CARLOS ALBERTO ZAVALETA, HA MUERTO

            A los 83 años de haber visto los colores de la vida, de haber recorrido a pasos agigantados los caminos de su entrañable Caraz, de haber sido fuente inagotable de consejos y tertulias con los jóvenes de los colegios de su tierra a donde siempre llegó cargado de recuerdos y añoranzas, ha fallecido apaciblemente, Carlos Eduardo Zavaleta Rivera.

Nalo Alvarado y Carlos E. Zavaleta

            No hace mucho, vino a su lar nativo a solazarse trayendo en alforjas pesadas sus CUENTOS PARA CARAZ, según se dijo en aquel entonces como una retribución a la tierra de su niñez y juventud; porque por esos azares de la vida, él muy joven se fue en busca de nuevos horizontes hasta escalar la carrera de la diplomacia como Ministro Consejero de Asuntos Culturales en Gran Bretaña, donde permaneció muchos años, también como Agregado Consejero y Ministro de Asuntos Culturales del Perú en Bolivia, México y España donde siempre dejó el timbre de orgullo de su raza milenaria.

            Confieso, no fui muy amigo de Carlos Alberto, pero un solo reportaje en Caraz, en el Auditorio, que después llevaría su nombre, bastó para conocer muy profundamente los secretos de su pensamiento, sus inquietudes y sus observaciones hacia la vida de la juventud. Escudriñé el contenido de sus obras y el mensaje de los mismos y pude ver como en el límpido espejo las facetas de su vida.

            Fue docente de la Universidad Nacional Mayor de San Marcos en el ciclo de doctorado y según se dice sus discípulos fueron Macedonio Villafán Broncano, destacado escritor ancashino, Carlos Toledo y Segundo Castro, todos ellos actuales docentes de la UNASAM.

            También pasó como discípulo de Carlos Eduardo, Mario Vargas Llosa de quien se sintió premiado con creces cuando recibió el Premio Nobel de Literatura. El discípulo ha superado a su maestro, fue la frase que exclamó lleno de gozo, cuando supo de su triunfo en Estocolmo-Suecia de donde vino cargado de gloria.

            Precisamente, hay mucho de este paso por su vida como diplomático en su libro LA ESQUINA DE TORRE TAGLE donde en las altas esferas de la política también se juegan los dados de las influencias y los acomodos para los puestos públicos.
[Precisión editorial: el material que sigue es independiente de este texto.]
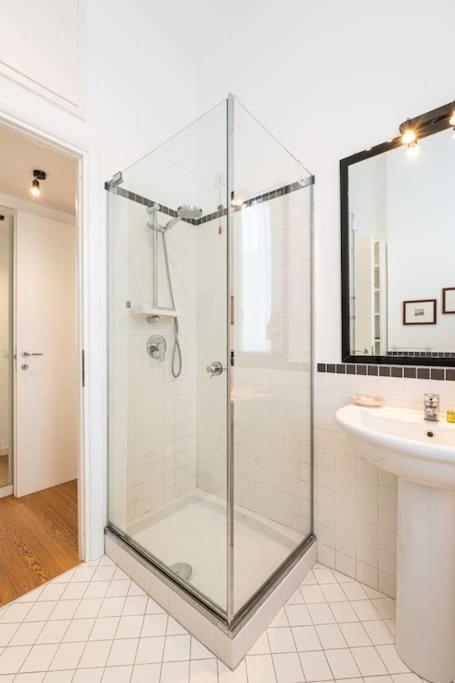 Splendid One Bedroom De Angeli 2nd Fl - Mirable Pm * Milan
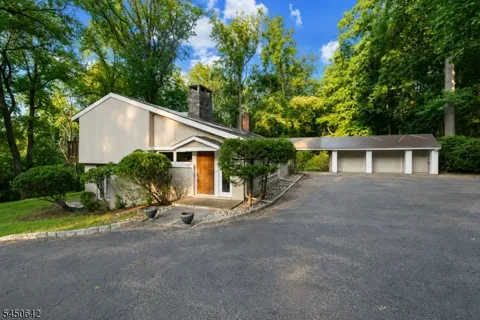14 Stoney Hill Rd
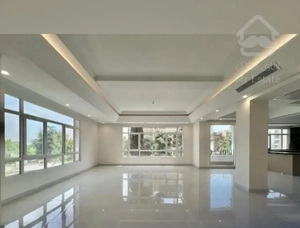 ۲۱۵ متر زعفرانیه با مشاعات هتلینگ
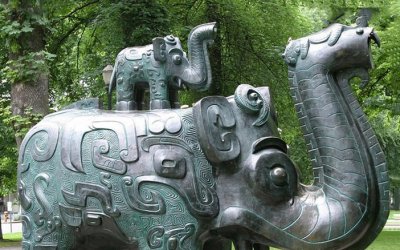 艺术青铜大象雕塑，装点景区景色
            Como no podía ser de otra manera, el editor caracino, Rómulo Pajuelo Prieto, ha difundido las obras de Carlos Eduardo Zavaleta y sin duda con motivo de su triste partida al más allá, se desempolvarán las bibliotecas para reencontrarse con los personajes a quienes inmortalizó.

            Carlos Eduardo Zavaleta escribió las novelas: El cínico (1948), Retratos turbios (1982), Un campo de espinas (1995), Viaje hacia una flor (2000). Cuentos: La batalla (1954), El Cristo Villenas (1955), Un día en muchas partes del mundo (1979), El padre del tigre (1993) y Cuentos para Caraz (2010).

            La UNASAM le confirió el tírulo de Doctor Honoris Causa y ha merecido el Premio Fomento a la Cultura “Ricardo Palma” y el Premio Nacional de novela “Federico Villarreal” en el año 2000.

            En suma, las obras de Carlos Eduardo Zavaleta son consideradas como “una de las mayores de la literatura peruana”

            El Alcalde de la Provincia de Huaylas-Caraz, Dr. Fidel Broncano Vásquez viaja esta noche a Lima a dar el último adiós al mejor escritor de su pueblo luego de haber izado a media asta el pendón Nacional en el mástil de la Plaza Mayor de Caraz. La tierra natal de Carlos Eduardo Zavaleta, llorará su ausencia, por mucho tiempo.